Il punto non è quindi disfare pacchi e sistemare oggetti negli spazi a disposizione. Non solo, almeno. Quest’esperienza si basa su quegli spazi messi a disposizione e sul modo in cui si spinge il giocatore a sistemare quegli oggetti. In questo caso più che mai, il focus non è sul cosa, ma sul come. La grande bravura degli sviluppatori è stata proprio nel costringere sapientemente i giocatori a comportarsi in determinati modi affinché provassero determinate cose.

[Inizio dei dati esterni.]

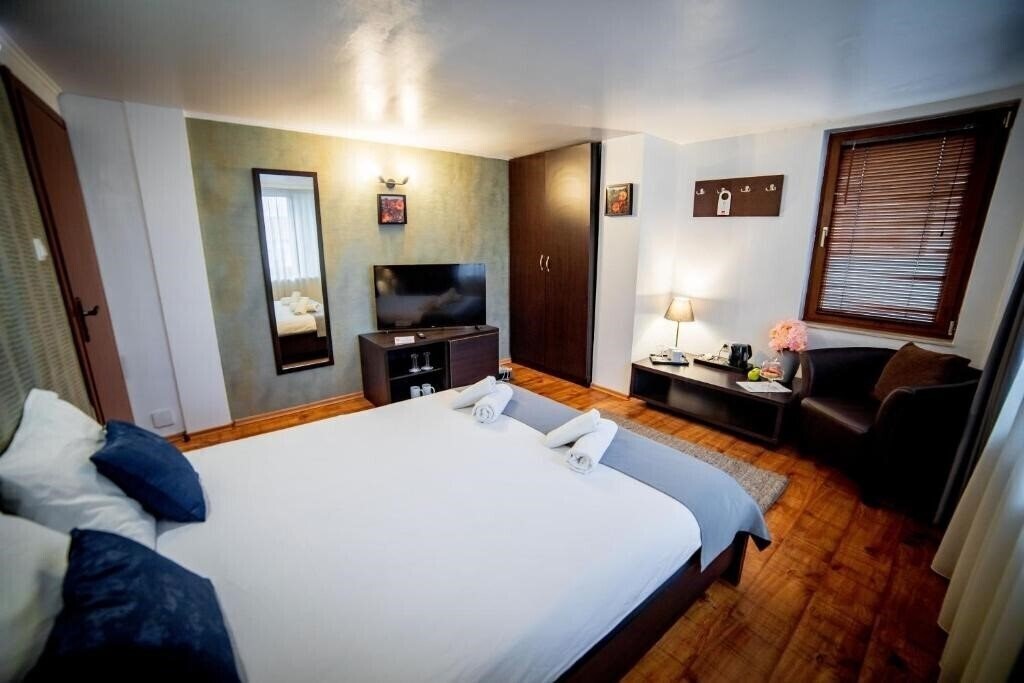 Фотографія Velinov Boutique Hotel 3*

Tutta la potenza espressiva del gioco sta in queste sensazioni. Il videogioco è interazione, e in essa diventa trasmissione del messaggio. Quello di Unpacking non è solo di apprezzare i traslochi in quanto momento di introspezione. Il senso dell’opera sta proprio in quelle esperienze così vere, così simili a ciò che ognuno di noi ha vissuto. La difficoltà dei cambiamenti e quella di trovare la propria strada nel mondo vengono raccontate attraverso gli spazi in cui si vive e il modo in cui decidiamo di viverli. Sotto l’immagine di puzzle game zen, Witch Beam ha nascosto un’esperienza capace di far riflettere sulla difficoltà delle scelte che scandiscono le nostro vite, segnate ognuna, spesso e volentieri, da un trasloco.